Girls Will Be Girls

Yesterday I attended a six-year old “Eloise at the Plaza” birthday with my daughter.  While I wouldn’t want her to think every day is like that, I found it fun, charming, and surprisingly gracious.  Nevertheless, there was one moment when I found myself stifling a very self-conscious belly laugh —  the moment seemed almost surreal.  The girls, about 15 of them, had gotten to dress up into fairy and princess dresses, then came out from behind a curtain and did a catwalk, one by one, while the parents cheered and took photos.  The mom and girl in me thought it was all good fun.  I caught my daughter’s eye when it was her turn, and gave her a thumbs’ up.  
It was the professional woman in me who was blushing red.  We fight so hard to be taken seriously, and yet I can hardly deny that even at a very young age, so many of us love the attention that comes from physical beauty, pageantry and the social graces.  How do we reconcile the different roles we play?  
Let’s put aside, for a moment, the pay and power gaps we are still working to reduce and eliminate.  The reality is that so many high-achieving women today are having to synthesize the demands of very different roles.  At work we need to be unemotional and authoritative, but many of us crave the cherishing attention that comes from being more emotional and less authoritative in our personal lives.  To me, there is learning here.  It’s true, we have to manage outside impressions to come across as professional.  But when we only focus on those, we don’t get in touch with what really resonates for us.

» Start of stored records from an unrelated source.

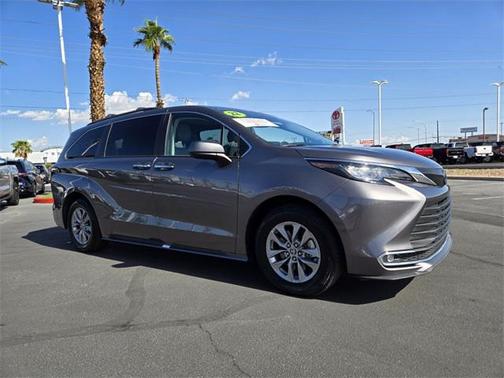 2022 Toyota Sienna XLE 8 Passenger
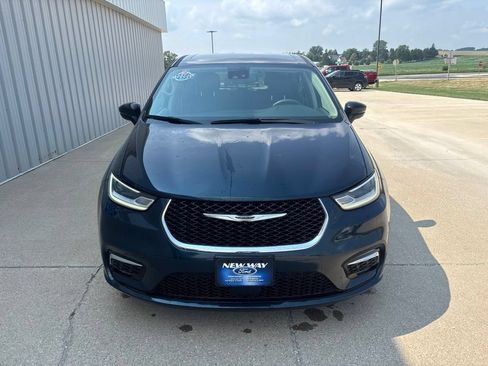 Used 2024 Chrysler Pacifica Limited FWD image 2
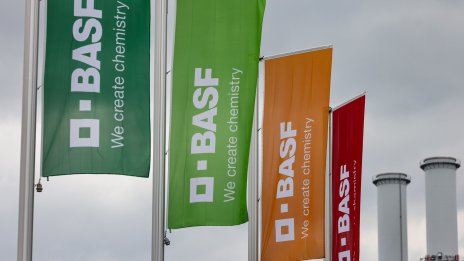 BASF съкращава разходите в Европа, очаква растеж в Китай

There is an exercise I do with many of my clients, where we take a long look at different perspectives on work, relationships, motherhood, or whatever is important for them.  It is a great way for them to get in alignment with their core values, even the girly-girl stuff that doesn’t fly at work.  I find that this exercise can ease so much of the stress of pressured lives.  We will always need to bounce between our various roles.  If we can do it by being true to ourselves, it can make all the difference.